Posts Tagged ‘Ubuntu’

  1. VNC windows, Mac and Ubuntu Linux

    Having a number of different PC’s in the house it’s fun to control them using VNC. Especially a full PC on a tiny eee PC.

    Both the Mac and Ubuntu have both built in VNC servers and clients. Ubuntu has the Vinagre client and the mac has a built in screen sharing client that can be easily accessed by either going to Go > Connect to server and prefixing the IP address of the computer with vnc://. The computer you wish to control may also appear in finder under “shared”. All settings are changed in the operating system’s preferences. Screen sharing for the Mac; Remote desktop for Ubuntu.

    The important part: You need to specify a password to allow the clients to connect. None of them will work without one.

    Windows is more complex, as it requires you to get a hold of and install a VNC server and viewer yourself. The one I recommend is UltraVNC. It works well from my experience. Same thing applies with passwords.

  2. eee pc – Easy Peasy 1.0 (Ubuntu 8.10)

    eee PC upgrade time – Ubuntu-eee 8.04 to Easy Peasy 1.0.

    Installation

    Clean install: 4gb drive mounted as / and formatted, 16gb drive mounted as /home and formatted1. Once set up, install all of the updates before you do anything else.

    Initial Thoughts

    The whole interface has changed to be much darker, but it doesn’t seem very well implemented. Things don’t seem to match up, and the Easy Peasy logo has some serious white fringing. Not professional looking. However, one major plus: wireless now works. Flawlessly as I see it. However, the netbook remix styling still doesn’t; The colours are off and the icons still respond in unexpected ways.

    Getting Rid

    There isn’t a way of doing this in one click, but you can get rid of the netbook remix style interface and revive the “standard” Gnome desktop.

    Bye Bye Netbook Remix

    Once you get rid of the netbook remix interface you appear to have no way of getting to your programs. Don’t panic – pressing Alt-F1 will allow you to get up a floating program menu. Found that out myself through random panicky key pushing.

    Getting rid of the interface is as simple as disabling Netbook Launcher and Maximus in the Session Preferences. This, once you have logged out and back in again will have removed the launcher. However, you are left with some rubbish lying around that does nothing. The first thing to remove is the now very useless Ubuntu Icon in the top left of the screen. You do this by right clicking and selecting “Remove from panel”. Do the same for the application Tabs next to it.

    Hello Gnome Desktop

    Now, your left with very little. Click in a space and select “Add to Panel”, then select “Menu Bar”. You now have a Gnome menu, so no more Alt-F1 clicking. Next thing is to do is to add a bottom bar, right click, “New Panel”. To this I added workspaces, window list, deleted files and the shutdown applets.

    All complete – nearly

    Simple steps lead to one near complete Easy Peasy-less desktop. The last thing to do is to go rummaging around in /usr/share/background for easy-peasy-4.png and to replace/rename it to get rid of another white fringed easy peasy logo, this time on the suspend lock screen. Your netbook is now a tiny desktop. One without the power and a tiny screen.
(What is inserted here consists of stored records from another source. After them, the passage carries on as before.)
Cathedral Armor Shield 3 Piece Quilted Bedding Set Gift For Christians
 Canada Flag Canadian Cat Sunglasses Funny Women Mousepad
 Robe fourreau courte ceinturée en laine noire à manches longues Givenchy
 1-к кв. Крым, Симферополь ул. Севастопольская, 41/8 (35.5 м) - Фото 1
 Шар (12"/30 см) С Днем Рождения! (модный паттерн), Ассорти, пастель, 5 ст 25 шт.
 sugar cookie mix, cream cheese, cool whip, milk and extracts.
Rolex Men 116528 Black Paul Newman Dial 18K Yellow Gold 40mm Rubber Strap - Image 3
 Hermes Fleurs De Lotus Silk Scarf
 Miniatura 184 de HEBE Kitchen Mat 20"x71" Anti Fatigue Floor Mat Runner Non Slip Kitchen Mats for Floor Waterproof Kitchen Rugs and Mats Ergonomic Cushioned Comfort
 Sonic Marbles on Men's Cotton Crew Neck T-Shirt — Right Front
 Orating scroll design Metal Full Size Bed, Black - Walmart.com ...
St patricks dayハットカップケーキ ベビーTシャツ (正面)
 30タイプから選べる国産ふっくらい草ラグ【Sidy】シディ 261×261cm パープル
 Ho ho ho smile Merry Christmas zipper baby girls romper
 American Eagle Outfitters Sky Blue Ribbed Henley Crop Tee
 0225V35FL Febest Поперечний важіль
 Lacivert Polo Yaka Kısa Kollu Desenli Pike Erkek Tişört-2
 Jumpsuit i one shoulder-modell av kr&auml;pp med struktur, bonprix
    1. I’d messed around too much on it, including a poor install of open office and flaky wireless drivers
  3. Overkill for an application

    Need to diagram something but can’t find a good free diagram editor for the mac?

    Do what I did and install Ubuntu under a virtual machine! You too can enjoy the feeling of running a full operating system for a single program!

    Actually, this was a good opportunity to check out Virtual Box for the mac, and I’m impressed so far – setup is simple and quick, and everything is going fine.